## TASK DETAILS
Lines with "Photo" in them are to be located in the listing below and copied.
GIVEN RECORDS Start Marker
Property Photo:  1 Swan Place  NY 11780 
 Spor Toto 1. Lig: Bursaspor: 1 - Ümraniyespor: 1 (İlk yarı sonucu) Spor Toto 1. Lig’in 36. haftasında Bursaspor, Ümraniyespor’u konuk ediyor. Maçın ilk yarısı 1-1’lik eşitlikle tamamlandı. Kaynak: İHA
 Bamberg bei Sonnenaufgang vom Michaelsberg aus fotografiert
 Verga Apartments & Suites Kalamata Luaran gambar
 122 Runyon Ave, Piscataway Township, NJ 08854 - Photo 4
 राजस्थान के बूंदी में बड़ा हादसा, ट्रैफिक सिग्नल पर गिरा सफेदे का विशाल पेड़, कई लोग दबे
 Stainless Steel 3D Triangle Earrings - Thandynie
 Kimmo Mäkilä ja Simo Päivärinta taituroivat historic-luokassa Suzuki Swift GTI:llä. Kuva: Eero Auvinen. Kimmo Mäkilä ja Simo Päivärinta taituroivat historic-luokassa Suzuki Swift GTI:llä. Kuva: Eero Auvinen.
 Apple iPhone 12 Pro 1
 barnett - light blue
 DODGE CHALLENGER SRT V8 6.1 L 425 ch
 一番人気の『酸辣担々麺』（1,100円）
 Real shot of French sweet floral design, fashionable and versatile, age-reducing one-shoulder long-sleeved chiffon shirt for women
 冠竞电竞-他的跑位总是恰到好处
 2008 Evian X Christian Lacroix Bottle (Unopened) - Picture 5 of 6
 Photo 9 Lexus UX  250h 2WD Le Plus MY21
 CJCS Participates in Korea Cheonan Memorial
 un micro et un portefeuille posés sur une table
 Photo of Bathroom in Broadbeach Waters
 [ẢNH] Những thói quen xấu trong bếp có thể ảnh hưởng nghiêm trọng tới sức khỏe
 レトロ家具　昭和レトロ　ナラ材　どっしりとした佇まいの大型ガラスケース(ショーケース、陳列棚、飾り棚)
GIVEN RECORDS End Marker
## SOLVED PROBLEM
Property Photo:  1 Swan Place  NY 11780 
 122 Runyon Ave, Piscataway Township, NJ 08854 - Photo 4
 Photo 9 Lexus UX  250h 2WD Le Plus MY21
 Photo of Bathroom in Broadbeach Waters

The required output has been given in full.